The comparison is a little pears to apple. Similar nutritions but different enough to not draw conclusions. The hardware in the Ceph test is only capable of max 1.7TiB/s traffic (optimally without any overhead whatsoever).

I also assume that the batch size (block size) is different enough that this alone would make a big difference.

menaerus · on March 5, 2025

Even if we take different hardware into account we can readjust for measured vs theoretical throughput.

Ceph cluster achieves 1 TiB/s / 1.7 TiB/s = 0.58% of theoretical throughput.

3FS cluster achieves 6.6 TiB/s / 9 TiB/s = 0.73% of theoretical throughput.
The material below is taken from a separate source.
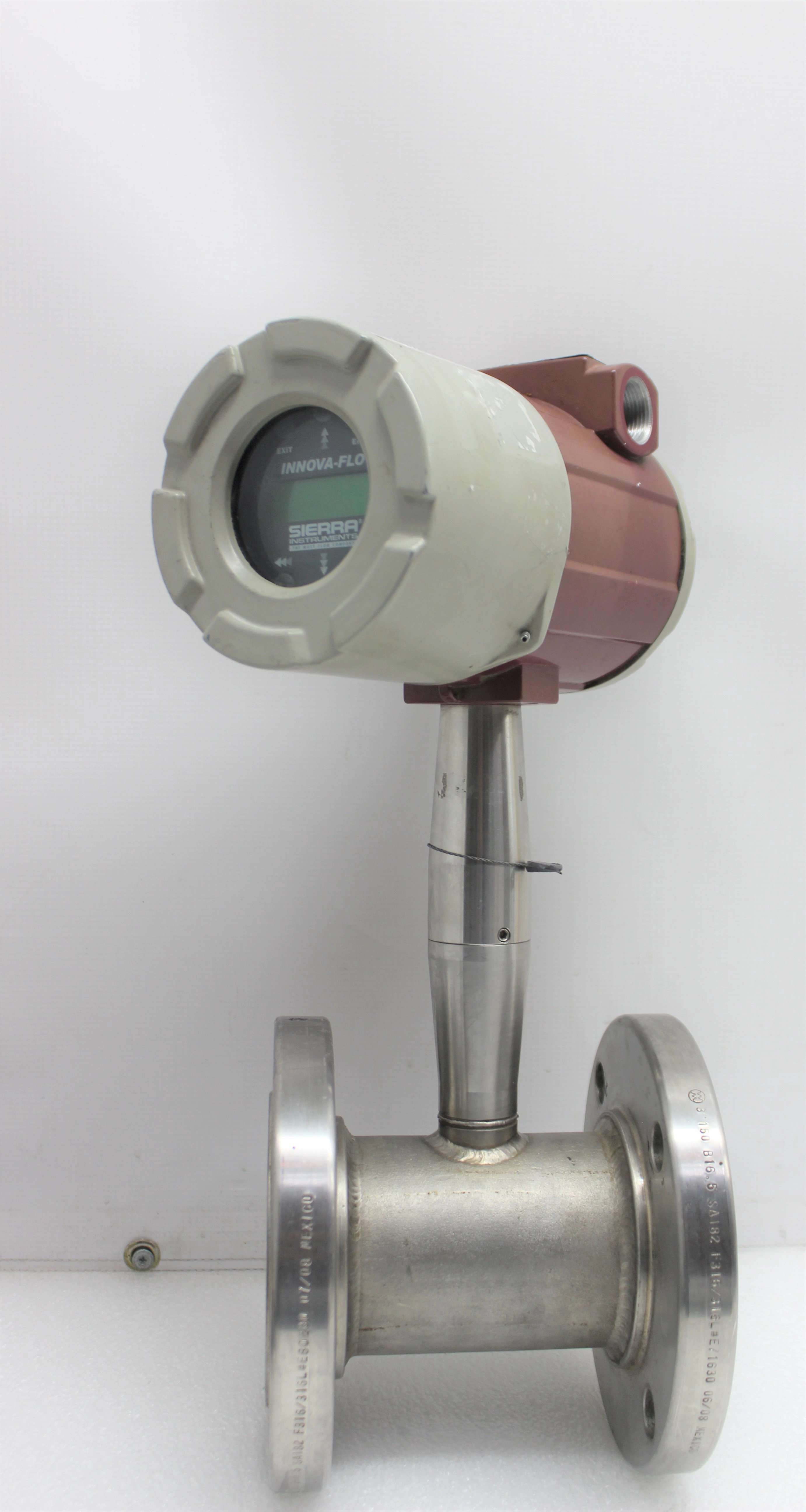 Sierra Instruments Mass Vortex Flow Meter 240-V-F7-E2-DD-PV1L-V4LH-ST-MPO - 3348592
ibotty · on March 11, 2025

That difference is still pronounced, yes. But the workload is so different. Training AI is hardly random read. Still not a comparison which should lead you to any conclusions.

nivertech · on Feb 28, 2025

I'd argue that they don't need a filesystem or an object storage, they need a purpose-built data serving layer optimized for their usecase.